Alphornbläser auf dem Dach des schweizer Expo Pavillons. Ein skurriles Bild.

Man sagt den Schweizer nach, dass sie ein patriotisches Volk sind und hat damit sicherlich nicht ganz Unrecht. Und was dem Schweizer mindestens so wichtig wie Schokolade, Berge und Käse ist, das ist der Nationalfeiertag, der alljährlich am 01. August feierlich angegangen wird. Nun habe ich schon viele 1. August-Feiern miterlebt, aber dieses Jahr war es dann doch ein spezielles Erlebnis. Ein Kollege (Schweizer) hat über den Shanghaier Auslandsschweizerverein Karten für die 1. Augustfeier im schweizer Pavillon auf der Expo besorgt, der für diesen Anlass extra für die (chinesische) Öffentlichkeit gesperrt wurde (übrigens sehr zum Unmut der Chinesen, die vor allem auf den Sessellift abfahren, mit dem man durch und über den Pavillon fahren kann).

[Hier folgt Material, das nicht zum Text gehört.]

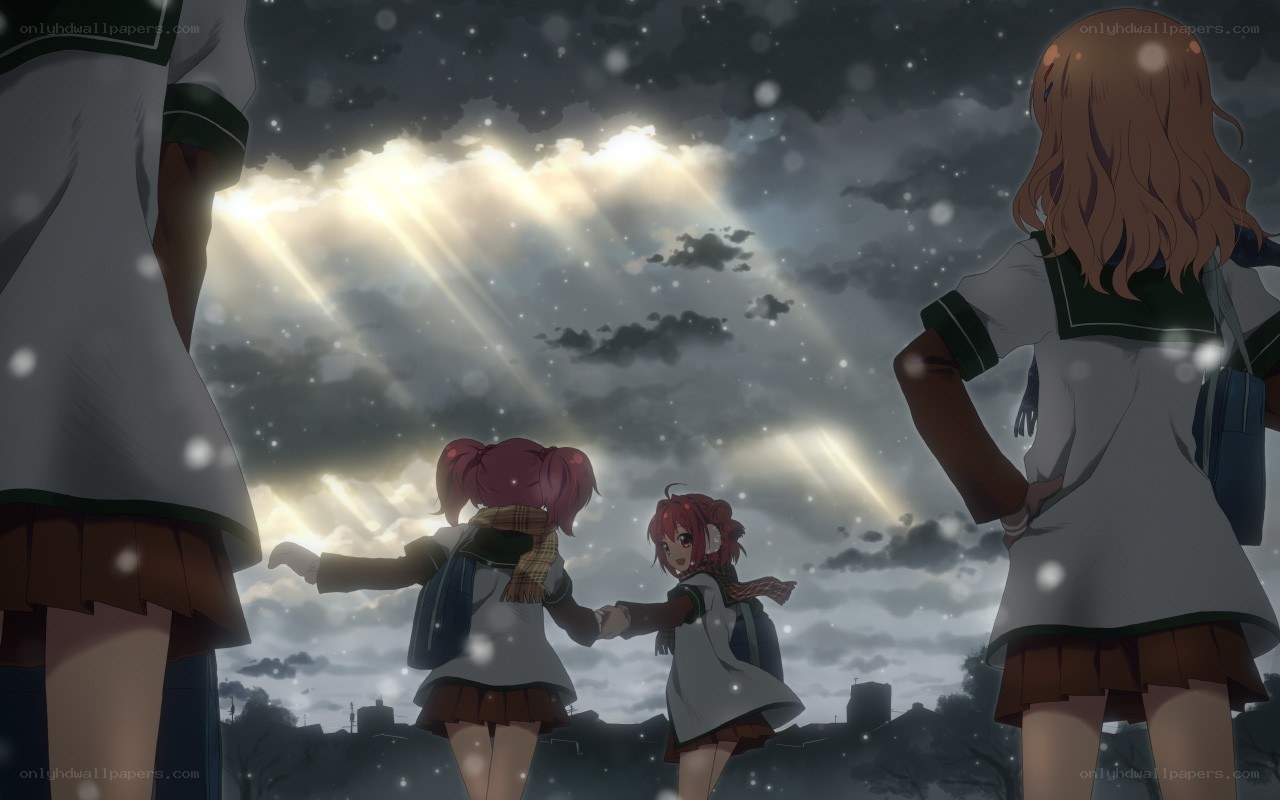 students in snowy sky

Es war mein erster Besuch auf der Expo und im Vorfeld wurde schon viel über die unglaublichen Menschenmassen, die langen Schlangen und das riesige Gelände berichtet. Doch wenn man dann zum ersten mal wirklich dort ist, bleibt man dennoch mit offenem Mund stehen. Das Gelände ist unglaublich riesig und vor dem Pavillons schlängeln sich Menschenmassen in überdachten Wartegattern, die zeitweise mit Wasserniesel besprüht werden in der Gluthitze und warten bis zu 3 Stunden!! um in den Pavillon gelassen zu werden (wo der gemeine Chinesen übrigens nichts angeschaut, sondern nur auf kürzestem Weg zum “Stempelstand” eilt um den begehrten Tintenabdruck in seinen Expo-Pass drücken zu lassen, bevor er sich in die nächste Schlange stellt).

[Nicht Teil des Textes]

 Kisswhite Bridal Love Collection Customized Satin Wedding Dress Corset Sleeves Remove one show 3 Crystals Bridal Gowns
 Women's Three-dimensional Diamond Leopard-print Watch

Kulturaustausch in der Praxis

Kulturaustausch in der Praxis

Der Schweizer Pavillon befindet sich wie im echten Leben direkt neben dem deutschen und mit unserem 1. Augustanstecker wurden wir mit einem heimatlichen “Grüezi” eingelassen. Das Publikum hielt sich zahlenmässig sehr im Rahmen und so konnte man in aller Ruhe gemütlich durch den wirklich genial gestalteten Pavillon schlendern, wo sich an normalen Tagen 70.000 Menschen/Tag !!! durch die Gänge und Räume quetschen. Das Highlight dieses Pavillons, wenn nicht der ganzen Expo ist ein Sessellift, der sich durch den Stand in luftige Höhe auf das Dach schraubt, auf dem eine echte, schweizer Alpenwiese mit Bergen und Kuhglockengebimmel angelegt ist. Es ist ein absolut bizarres Bild, wenn man inmitten dieser Mollochstadt, der es durchaus an Grün mangelt über eine echte (importierte) schweizer Wiese mit Berggräser und Enzianen schwebt und dabei auf die Skyline dieser unglaublichen Stadt schaut.

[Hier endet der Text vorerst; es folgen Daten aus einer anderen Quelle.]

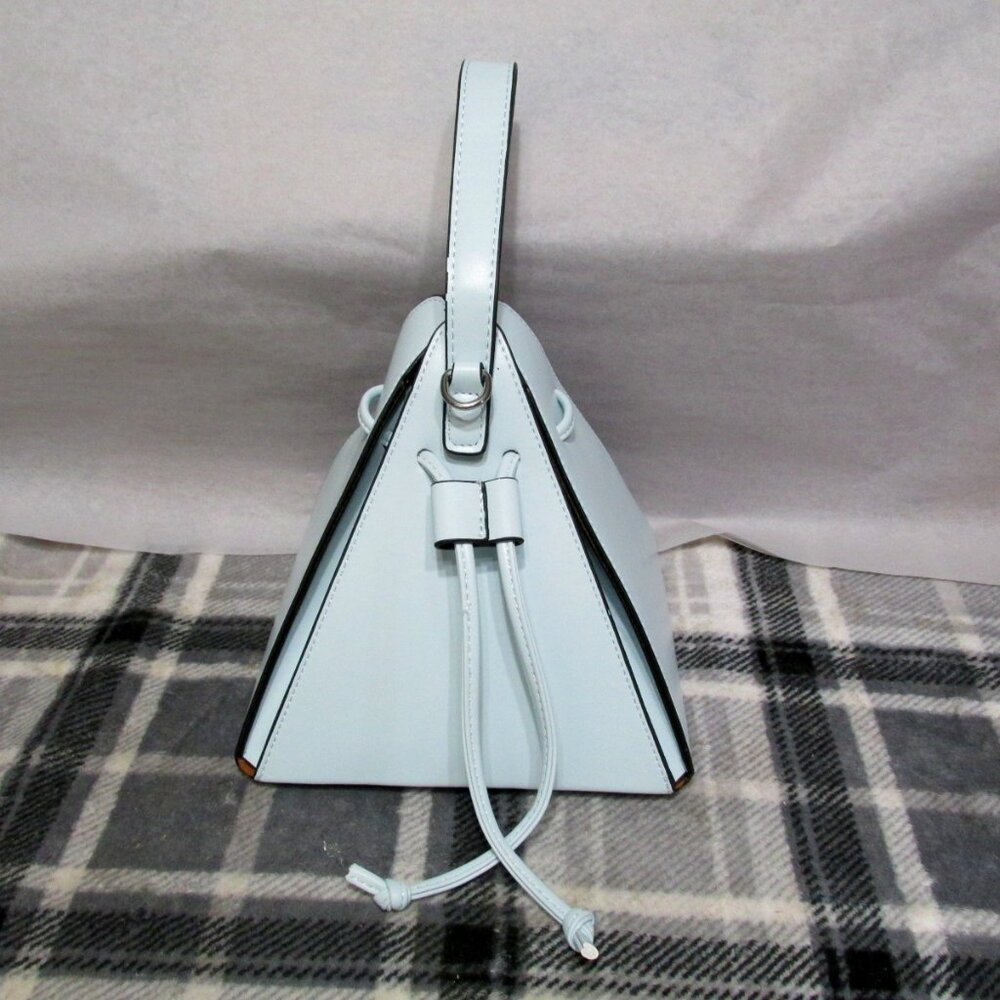 P1610B-NEW Blue Majure Runway Triangle Drawstring Satchel/Crossbody w Dustbag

Durch die wenigen, geladenen Gäste war der Sessellift nicht annähernd ausgelastet und so konnte man unbeschränkt seine Runden fahren und nur zum Bier oder Weisswein, die ebenfalls aus der Schweiz importiert waren, auffüllen kurz aussteigen. Ein Riesenspass. Gegen später gab es dann ein riesen Buffet mit allen möglichen Spezialitäten aus der Heimat, darunter bündner Rauchfleisch, Raclette, Servelat, Bratwurst und was das eidgenössische Herz sonst noch so begehrt und vor allem im Reich der Mitte vermisst.

Bizarr-kitschiges Highlight war im Lauf des Abends der Auftritt eines extra dafür eingeflogenen Jodlervereins und einem Alphornquartett, welches sowohl im, wie auch in den Alpenwiesen auf dem Dach des Pavillons spielte. Bei diesem Anblick ereilte uns ein unglaubliches Verlangen, Barfluss in einer schweizer Bergwiese zu stehen und mit etwas Überredungsgeschickt wurde uns erlaubt, was kein Chinese je zuvor durfte: Wir wurden auf das Dach gelassen und durften schuhfrei einen Spaziergang durch die Alpenlandschaft machen. Und das bei 38 Grad mit einem Apenzellerbier in der Hand. Das Erlebnis war grandios und es kam ein bisschen Heimweh auf.

Der Abend verlief dann nach obligatorischem Singen der Nationalhymne und traditionell langweiliger Ansprache der Bundespräsidenting wie es von einem Abend bei dem es Alkohol for free gibt eben erwartet wird und zusammen mit ein paar lustigen Schweizern (Gruss hiermit an die Weltreisenden) drehten wir zu später Stunde noch einige Runden mit dem Sessellift und gönnten uns mehr Racletteportionen als eigentlich möglich gewesen wären.